One further idea I want to introduce here will bring matters closer to home. You may have noticed that the journal you are reading has a motto, a well-intended one, designed to signal openness and inclusivity: We hold the gate open. These words evoke a happy image for the writer seeking shelter for her or his work, weary of bouncing off the surface of hermetically-sealed publications defended by unspoken, yet nonetheless impassible barriers.

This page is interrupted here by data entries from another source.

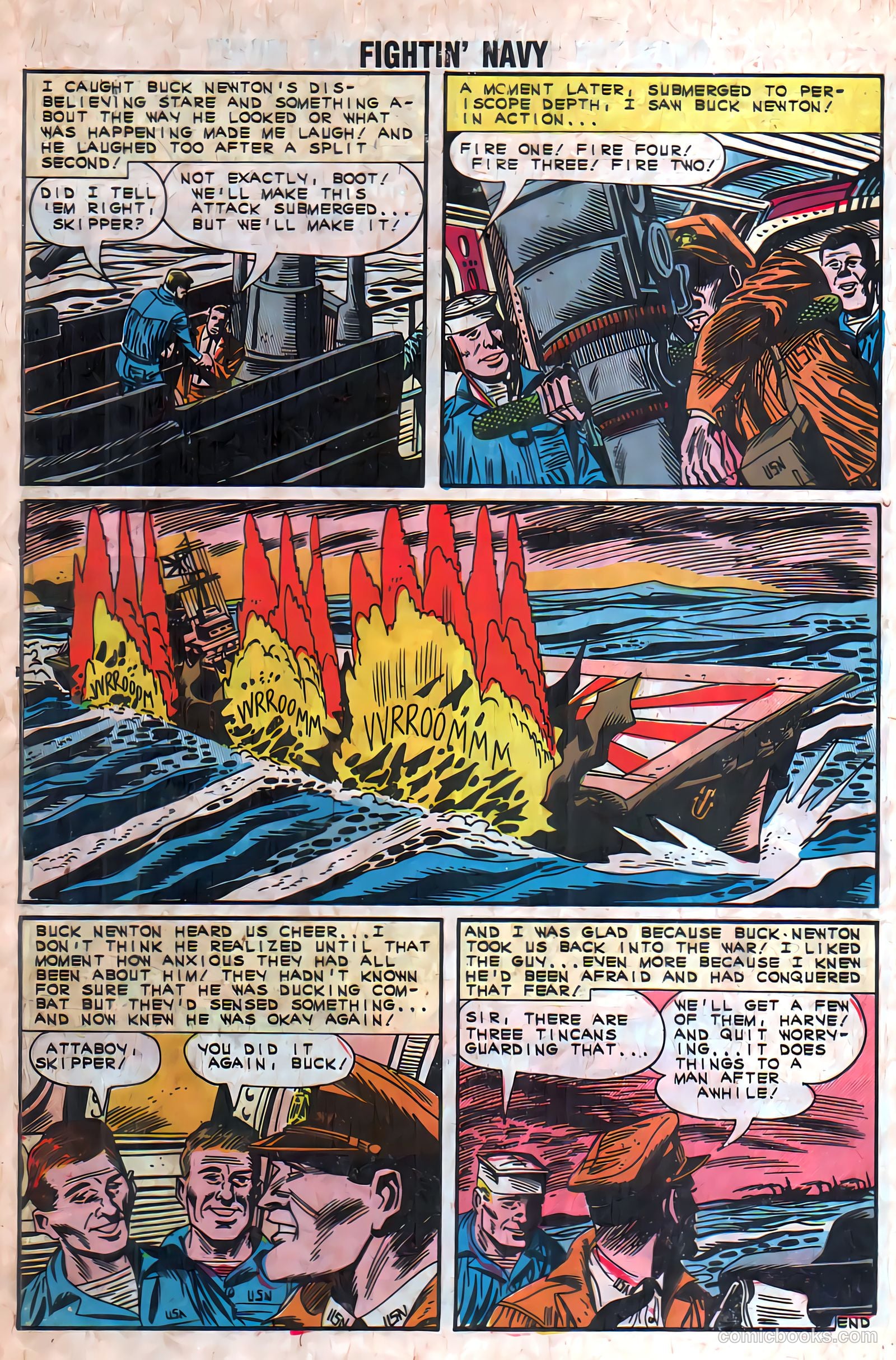 Fightin' Navy #108 (1963) — page 10 of 36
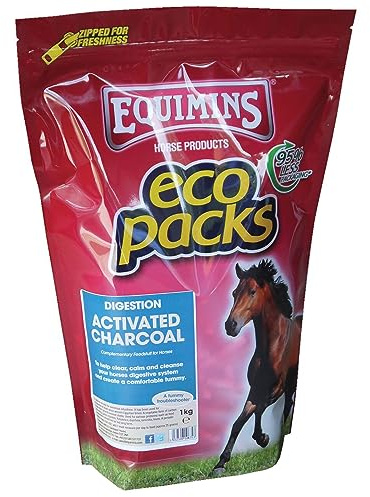 Equimins EQS0510 Activated Charcoal - Clear, Regular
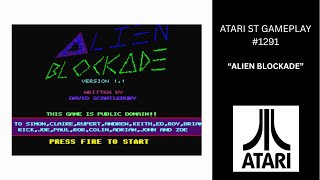 Alien Blockade (Commodore 64 / Gameplay #1291) Net Worth
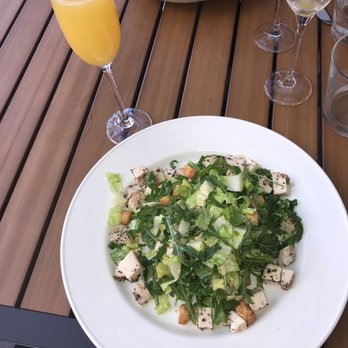 Caroline - Arugula Caesar Salad with Chicken - Bakeries Near Me - Austin, Texas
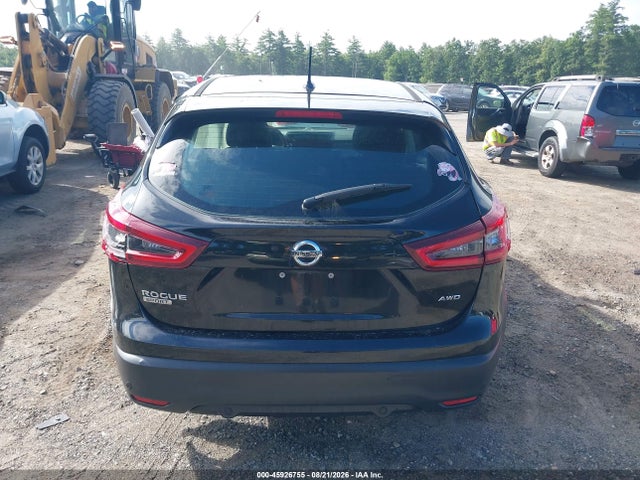 45926755 :رقم المزاد ، JN1BJ1AW4MW664953 vin ، 2021 Nissan Rogue Sport S Awd Xtronic Cvt مزاد بيع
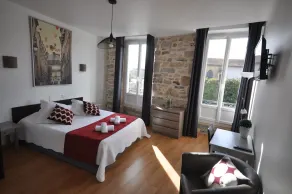 Hôtel Côte Basque - Chambre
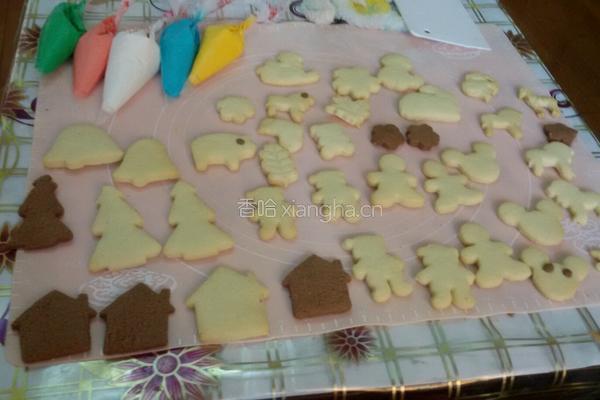 圣诞饼干的做法图解15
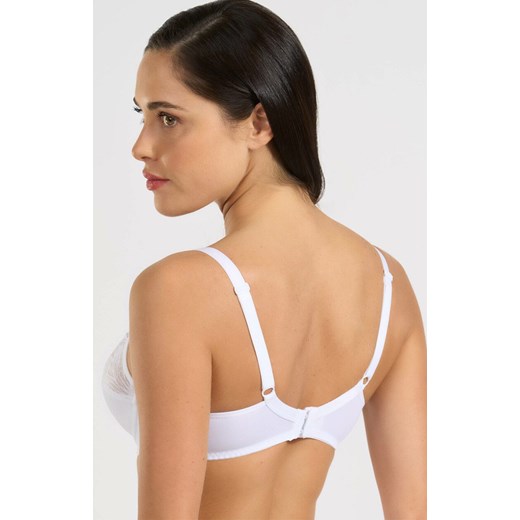 Biustonosz miękki soft biały Delia, Kolor biały, Rozmiar 75B, SPIMAN ze sklepu Intymna w kategorii Biustonosze - zdjęcie 186122008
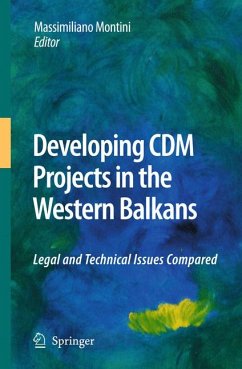 Developing CDM Projects in the Western Balkans (eBook, PDF)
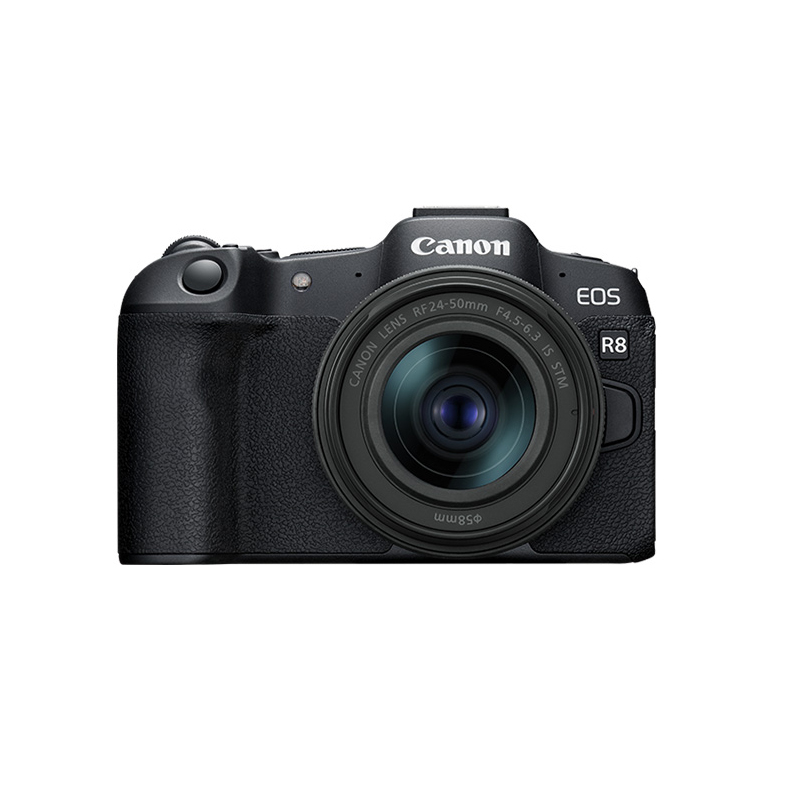 官方翻新品-EOS R8机身+RF24-50mm F4.5-6.3 IS STM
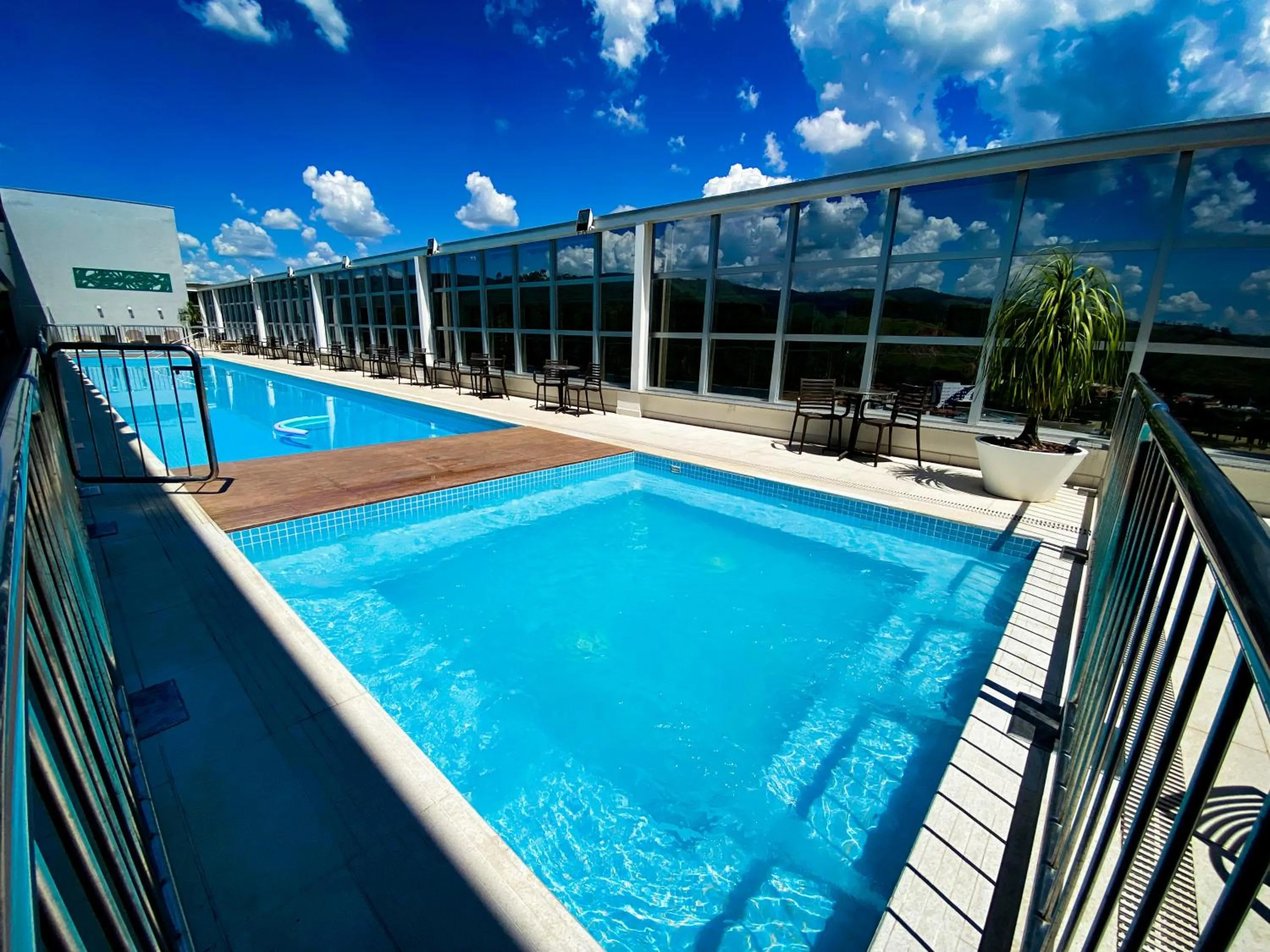 Hot Tub in Hotel Rainha do Brasil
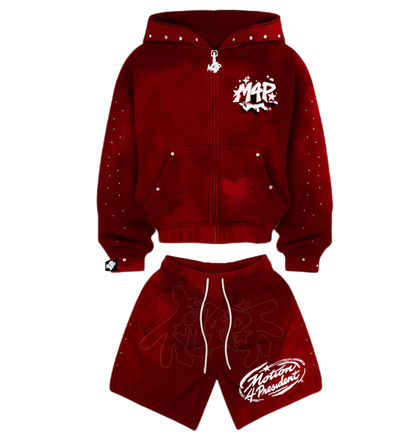 Presidential Sweat Suit (Maroon)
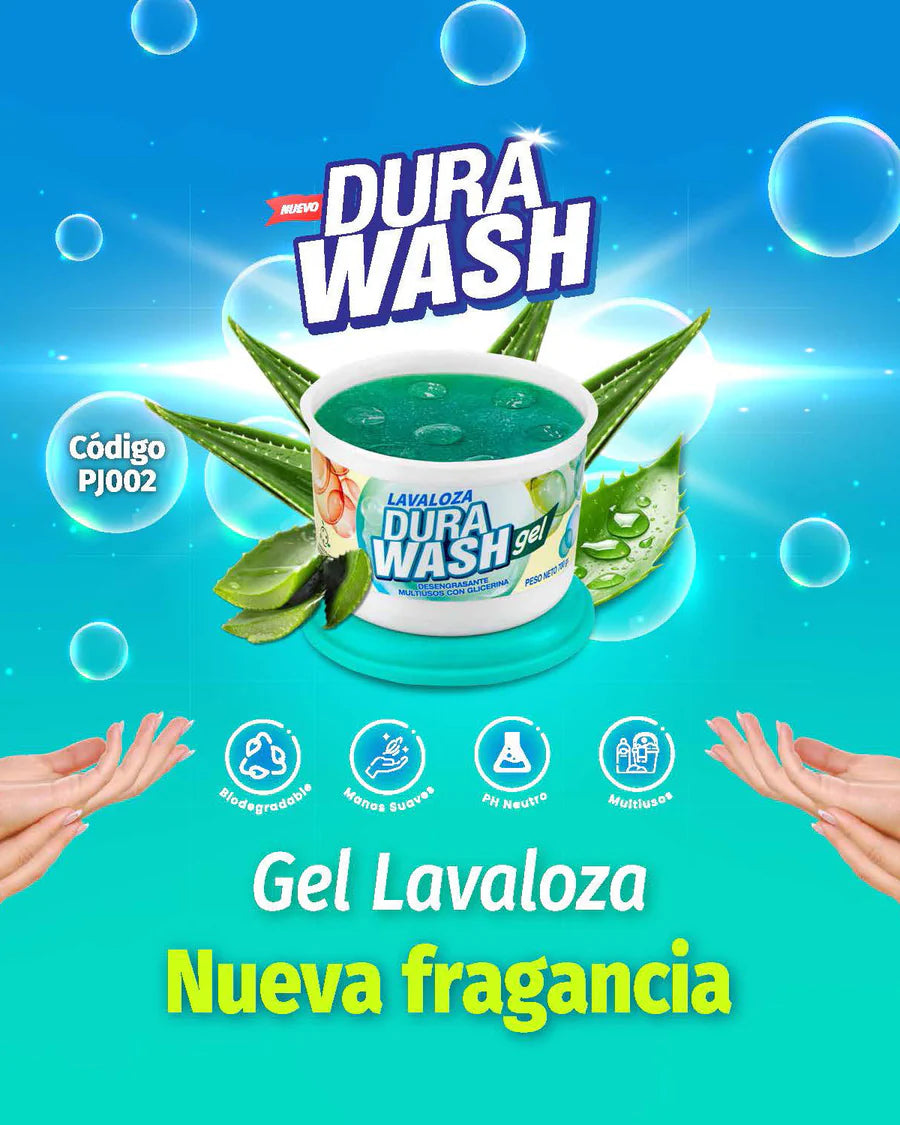Lavaloza Gel Ideal para Limpiar y Desengrasar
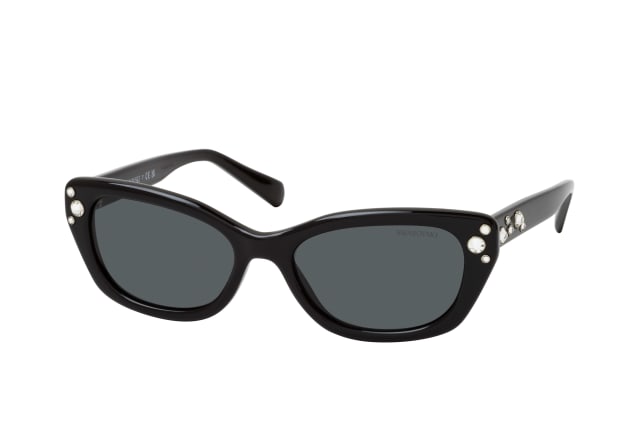 Swarovski SK 6019 100187, BUTTERFLY Sunglasses, FEMALE, available with prescription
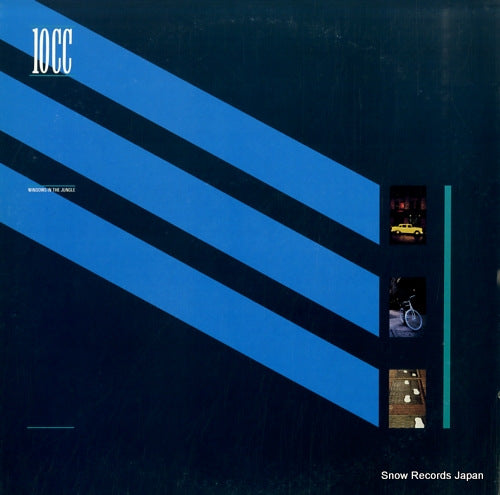 10CC windows in the jungle 25PP-80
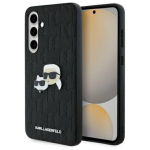 Karl Lagerfeld KLHCS24FEPGKLKCPK Sam S24 FE S721 k&otilde;va kaas monogramm Karl & Choupette pea n&otilde;el / must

But here we reach the border between East and West, for to “hold the gate open” evokes an image of concerted effort – perhaps even a heroic test of strength and will. What is implied is that if we do not exert main force, the gate may slam shut, potentially crushing us, or, worse yet, injuring a guest. It raises the question of how long we can maintain this posture before we become exhausted. Via the intention embodied in a single sentence, we have traversed millennia of cultural topography to arrive, once again, at the siege of Troy.

By comparison, the traditional Chinese character for “between” 間 presents an another image of the gate. Jullien writes that “according to the etymological commentary, the main gate has to be closed at night but, though it is closed, you can still perceive the brightness of the moon because there is a median space between the leaves of the gate that allow the moon’s rays to pass through. That internal emptiness – opening or fissure – that lets light through is also what allows for play within the very articulations structuring beings and things.”[6]

In relation to the body, Chinese physiology and Daoist meditation practices locate several “gates” along the ren and du meridians, which respectively run down the front and up the back of the human body. These gates regulate passage of qi-breath and open and shut naturally with our respiration. Forcing qi-breath through them, or restricting its passage can be equally harmful.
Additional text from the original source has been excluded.